[Items from a data source]

*-*-*

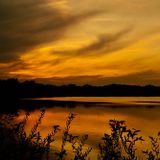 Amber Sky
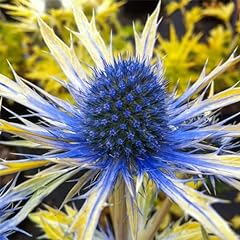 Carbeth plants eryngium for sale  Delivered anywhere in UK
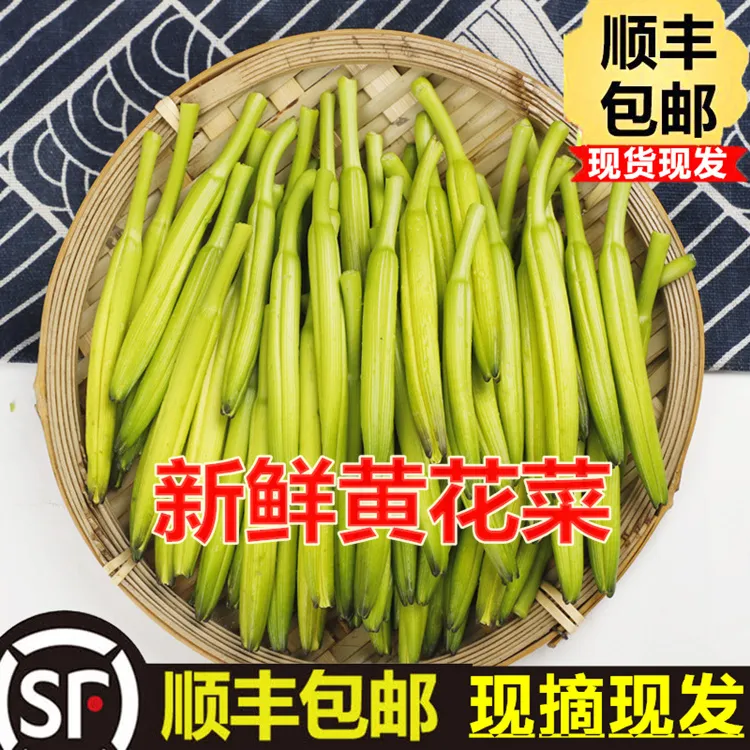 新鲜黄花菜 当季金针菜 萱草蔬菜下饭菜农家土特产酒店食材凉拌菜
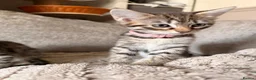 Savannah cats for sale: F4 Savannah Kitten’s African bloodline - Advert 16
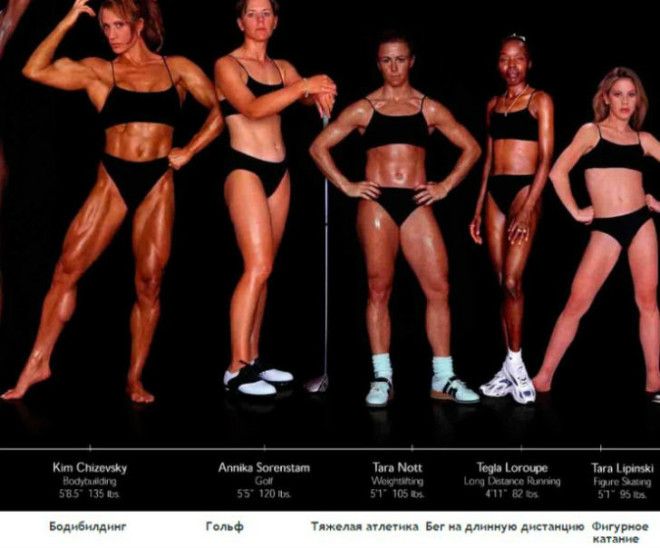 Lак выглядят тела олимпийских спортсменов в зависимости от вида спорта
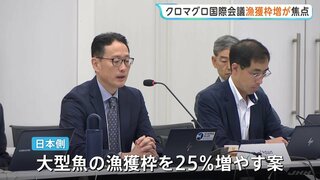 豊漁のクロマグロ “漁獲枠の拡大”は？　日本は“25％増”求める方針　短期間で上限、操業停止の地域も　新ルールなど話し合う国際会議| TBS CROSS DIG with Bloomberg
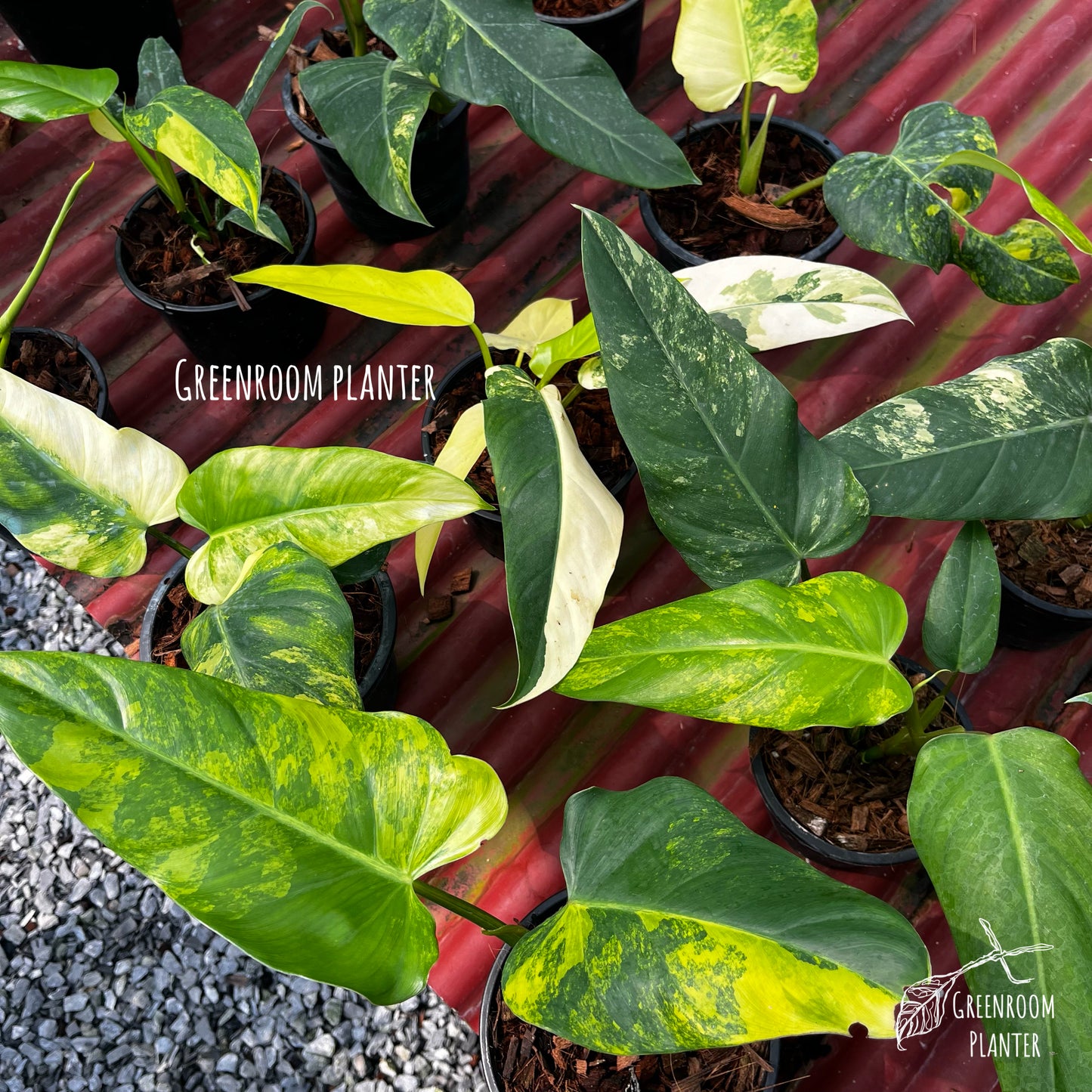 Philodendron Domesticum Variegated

*-*-*

THE TASK -
Exclude the pictures and transcribe all of the entries exactly.

THE COMPLETED TASK -
 Amber Sky
 Carbeth plants eryngium for sale  Delivered anywhere in UK
 新鲜黄花菜 当季金针菜 萱草蔬菜下饭菜农家土特产酒店食材凉拌菜
 Savannah cats for sale: F4 Savannah Kitten’s African bloodline - Advert 16
 Lак выглядят тела олимпийских спортсменов в зависимости от вида спорта
 豊漁のクロマグロ “漁獲枠の拡大”は？　日本は“25％増”求める方針　短期間で上限、操業停止の地域も　新ルールなど話し合う国際会議| TBS CROSS DIG with Bloomberg
 Philodendron Domesticum Variegated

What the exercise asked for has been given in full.